• [What you are asked to do]
Reproduce precisely the lines of the listing below, starting with the line that contains "Orlando Bloom, center, leaves" and stopping after the line that contains "Acne Studios Bow"; include nothing else.

• [Exercise input]
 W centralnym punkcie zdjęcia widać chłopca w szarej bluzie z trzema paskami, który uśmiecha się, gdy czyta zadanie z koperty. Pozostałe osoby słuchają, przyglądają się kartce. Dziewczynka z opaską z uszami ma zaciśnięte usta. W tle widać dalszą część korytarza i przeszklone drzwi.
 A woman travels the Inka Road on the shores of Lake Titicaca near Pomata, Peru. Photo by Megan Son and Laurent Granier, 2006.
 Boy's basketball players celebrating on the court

* * *

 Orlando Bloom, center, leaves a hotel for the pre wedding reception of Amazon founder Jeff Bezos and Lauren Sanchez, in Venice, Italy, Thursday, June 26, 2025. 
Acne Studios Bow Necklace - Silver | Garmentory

• [Answer to this task]
 Orlando Bloom, center, leaves a hotel for the pre wedding reception of Amazon founder Jeff Bezos and Lauren Sanchez, in Venice, Italy, Thursday, June 26, 2025. 
Acne Studios Bow Necklace - Silver | Garmentory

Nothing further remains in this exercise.